There are a lot of scares- Doris is indeed one crazy, fearsome possessed girl. Playing a puppet by the demon, Doris invokes fear and prevails even as the family tries to bring her back.
In the end, evil triumphs. Though Lina sews Doris’ mouth shut, the evil spirits escape and use Lina to kill her mother.
Two months later, Doris’ body is still missing, Lina is in an asylum for killing her mother. Shaken by the happenings, she has lost control of herself and in order to summon her sister, uses her blood to create a ouija board.
The final scene shows Doris walking upside down on the ceiling.

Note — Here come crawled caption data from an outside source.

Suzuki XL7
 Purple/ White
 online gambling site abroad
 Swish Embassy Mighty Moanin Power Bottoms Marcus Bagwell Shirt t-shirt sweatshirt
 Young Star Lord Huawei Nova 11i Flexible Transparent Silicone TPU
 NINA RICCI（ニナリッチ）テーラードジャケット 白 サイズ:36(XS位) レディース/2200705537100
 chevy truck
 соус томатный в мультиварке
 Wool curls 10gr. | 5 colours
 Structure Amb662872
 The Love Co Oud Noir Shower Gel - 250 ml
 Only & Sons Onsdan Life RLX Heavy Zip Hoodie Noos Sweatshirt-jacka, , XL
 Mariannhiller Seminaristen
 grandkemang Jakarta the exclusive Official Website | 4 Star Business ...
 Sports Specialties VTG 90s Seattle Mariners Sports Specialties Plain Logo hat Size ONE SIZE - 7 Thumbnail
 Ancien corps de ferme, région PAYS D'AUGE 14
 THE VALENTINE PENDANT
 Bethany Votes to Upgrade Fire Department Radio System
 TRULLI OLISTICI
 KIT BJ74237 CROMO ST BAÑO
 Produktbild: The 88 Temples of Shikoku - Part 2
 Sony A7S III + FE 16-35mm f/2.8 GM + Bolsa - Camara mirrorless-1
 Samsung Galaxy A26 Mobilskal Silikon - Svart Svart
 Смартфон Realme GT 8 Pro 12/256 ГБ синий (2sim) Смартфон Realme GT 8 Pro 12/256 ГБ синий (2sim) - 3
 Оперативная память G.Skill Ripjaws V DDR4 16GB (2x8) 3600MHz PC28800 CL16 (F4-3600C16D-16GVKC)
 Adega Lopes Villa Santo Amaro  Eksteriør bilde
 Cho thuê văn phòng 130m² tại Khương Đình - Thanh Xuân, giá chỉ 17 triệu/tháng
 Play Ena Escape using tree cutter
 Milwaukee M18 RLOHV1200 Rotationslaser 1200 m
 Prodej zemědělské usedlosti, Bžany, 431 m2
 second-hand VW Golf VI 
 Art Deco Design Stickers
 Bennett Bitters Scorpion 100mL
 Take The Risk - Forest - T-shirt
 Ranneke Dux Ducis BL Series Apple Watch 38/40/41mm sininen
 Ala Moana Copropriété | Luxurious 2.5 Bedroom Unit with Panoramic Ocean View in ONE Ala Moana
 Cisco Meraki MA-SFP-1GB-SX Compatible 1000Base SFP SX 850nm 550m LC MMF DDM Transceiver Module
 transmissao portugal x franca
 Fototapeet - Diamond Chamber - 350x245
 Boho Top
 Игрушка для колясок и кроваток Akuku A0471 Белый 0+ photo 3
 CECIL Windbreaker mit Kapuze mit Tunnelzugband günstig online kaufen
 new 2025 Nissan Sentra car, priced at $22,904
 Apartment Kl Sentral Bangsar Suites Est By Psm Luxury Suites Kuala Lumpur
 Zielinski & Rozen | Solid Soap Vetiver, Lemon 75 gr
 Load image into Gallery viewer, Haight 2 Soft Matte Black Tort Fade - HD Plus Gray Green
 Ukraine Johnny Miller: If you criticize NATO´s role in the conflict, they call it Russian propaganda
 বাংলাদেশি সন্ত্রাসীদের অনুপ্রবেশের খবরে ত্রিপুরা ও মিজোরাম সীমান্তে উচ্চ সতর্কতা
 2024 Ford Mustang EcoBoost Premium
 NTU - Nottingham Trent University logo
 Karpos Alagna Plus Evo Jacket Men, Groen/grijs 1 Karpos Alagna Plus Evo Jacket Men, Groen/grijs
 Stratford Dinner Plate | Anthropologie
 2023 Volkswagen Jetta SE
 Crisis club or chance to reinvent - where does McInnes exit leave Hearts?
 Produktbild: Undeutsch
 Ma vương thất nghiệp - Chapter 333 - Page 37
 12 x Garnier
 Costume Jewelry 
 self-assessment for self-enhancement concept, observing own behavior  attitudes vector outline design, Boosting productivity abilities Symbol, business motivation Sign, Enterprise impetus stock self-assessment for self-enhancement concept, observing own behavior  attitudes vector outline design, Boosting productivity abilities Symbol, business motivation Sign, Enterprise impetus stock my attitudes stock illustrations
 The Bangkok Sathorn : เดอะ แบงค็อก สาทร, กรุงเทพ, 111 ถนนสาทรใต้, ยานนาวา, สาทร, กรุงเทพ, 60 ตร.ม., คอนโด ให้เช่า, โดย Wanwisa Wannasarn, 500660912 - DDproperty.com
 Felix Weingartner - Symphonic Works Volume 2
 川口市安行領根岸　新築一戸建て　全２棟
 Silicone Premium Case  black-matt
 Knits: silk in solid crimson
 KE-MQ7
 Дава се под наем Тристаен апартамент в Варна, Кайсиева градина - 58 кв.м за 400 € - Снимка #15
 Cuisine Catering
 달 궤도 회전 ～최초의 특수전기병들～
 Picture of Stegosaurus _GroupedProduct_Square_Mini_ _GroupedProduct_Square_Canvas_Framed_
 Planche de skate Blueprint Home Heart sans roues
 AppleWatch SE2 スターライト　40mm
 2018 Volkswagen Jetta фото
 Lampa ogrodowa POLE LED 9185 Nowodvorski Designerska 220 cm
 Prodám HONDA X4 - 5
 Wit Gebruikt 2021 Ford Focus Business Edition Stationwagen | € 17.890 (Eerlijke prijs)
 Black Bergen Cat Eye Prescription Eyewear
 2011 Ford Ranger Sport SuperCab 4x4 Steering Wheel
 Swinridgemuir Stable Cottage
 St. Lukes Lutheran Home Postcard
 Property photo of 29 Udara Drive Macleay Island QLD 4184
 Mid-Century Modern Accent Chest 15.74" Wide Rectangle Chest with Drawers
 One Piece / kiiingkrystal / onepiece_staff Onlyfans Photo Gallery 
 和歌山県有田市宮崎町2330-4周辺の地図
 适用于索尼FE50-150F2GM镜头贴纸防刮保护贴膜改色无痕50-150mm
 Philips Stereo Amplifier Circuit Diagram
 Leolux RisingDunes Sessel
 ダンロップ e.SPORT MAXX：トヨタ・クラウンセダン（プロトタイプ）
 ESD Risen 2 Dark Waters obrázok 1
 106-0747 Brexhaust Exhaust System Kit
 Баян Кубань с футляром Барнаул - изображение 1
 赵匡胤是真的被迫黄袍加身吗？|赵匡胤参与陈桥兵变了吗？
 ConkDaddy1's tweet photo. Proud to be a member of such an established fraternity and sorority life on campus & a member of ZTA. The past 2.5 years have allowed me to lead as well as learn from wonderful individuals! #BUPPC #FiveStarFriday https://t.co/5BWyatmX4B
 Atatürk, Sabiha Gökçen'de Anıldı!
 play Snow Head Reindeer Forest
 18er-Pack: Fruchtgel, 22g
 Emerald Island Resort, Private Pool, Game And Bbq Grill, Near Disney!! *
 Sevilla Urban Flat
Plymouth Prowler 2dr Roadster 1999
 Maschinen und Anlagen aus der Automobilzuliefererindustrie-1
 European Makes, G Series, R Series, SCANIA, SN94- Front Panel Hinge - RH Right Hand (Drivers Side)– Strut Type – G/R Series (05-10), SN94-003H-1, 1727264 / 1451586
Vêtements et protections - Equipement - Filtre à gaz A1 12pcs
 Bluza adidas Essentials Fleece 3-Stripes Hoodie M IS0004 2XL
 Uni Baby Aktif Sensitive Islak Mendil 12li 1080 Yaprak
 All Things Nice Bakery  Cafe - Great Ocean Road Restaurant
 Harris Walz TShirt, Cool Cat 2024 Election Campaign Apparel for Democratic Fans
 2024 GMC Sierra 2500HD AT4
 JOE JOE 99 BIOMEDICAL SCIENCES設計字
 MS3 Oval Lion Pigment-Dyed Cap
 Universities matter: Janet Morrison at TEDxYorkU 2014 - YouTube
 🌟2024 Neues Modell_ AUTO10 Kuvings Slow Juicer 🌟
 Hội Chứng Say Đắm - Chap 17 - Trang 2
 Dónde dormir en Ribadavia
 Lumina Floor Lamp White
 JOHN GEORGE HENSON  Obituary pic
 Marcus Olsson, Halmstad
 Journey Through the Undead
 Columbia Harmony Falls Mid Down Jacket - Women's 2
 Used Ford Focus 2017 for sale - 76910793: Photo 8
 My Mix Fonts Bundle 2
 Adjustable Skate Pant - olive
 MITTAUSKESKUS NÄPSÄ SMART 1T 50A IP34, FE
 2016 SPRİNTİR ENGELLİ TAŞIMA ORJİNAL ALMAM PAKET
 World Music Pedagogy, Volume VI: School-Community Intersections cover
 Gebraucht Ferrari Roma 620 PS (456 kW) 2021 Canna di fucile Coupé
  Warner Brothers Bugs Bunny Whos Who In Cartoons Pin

Scary? Yes. Chilling, yes. Satisfactory ending? Can’t exactly say that.
Doris’ mystery is never fully explained. Her mouth was sewn shut, so is that how the demons escaped, knowing without her mouth, they can’t spread their terror? Was Doris already dead and all this time was being used like a puppet by the demon?
Who took her body away? Who is possessing her now? The mother does see the soul of her daughter right before she dies, so we know that Doris did find peace. It doesn’t, however, explain the ending scene.
Apart from this tiny bit, the movie was a well-made one. It doesn’t drag and straight away gets to the point- the kind of horror movies I actually enjoy.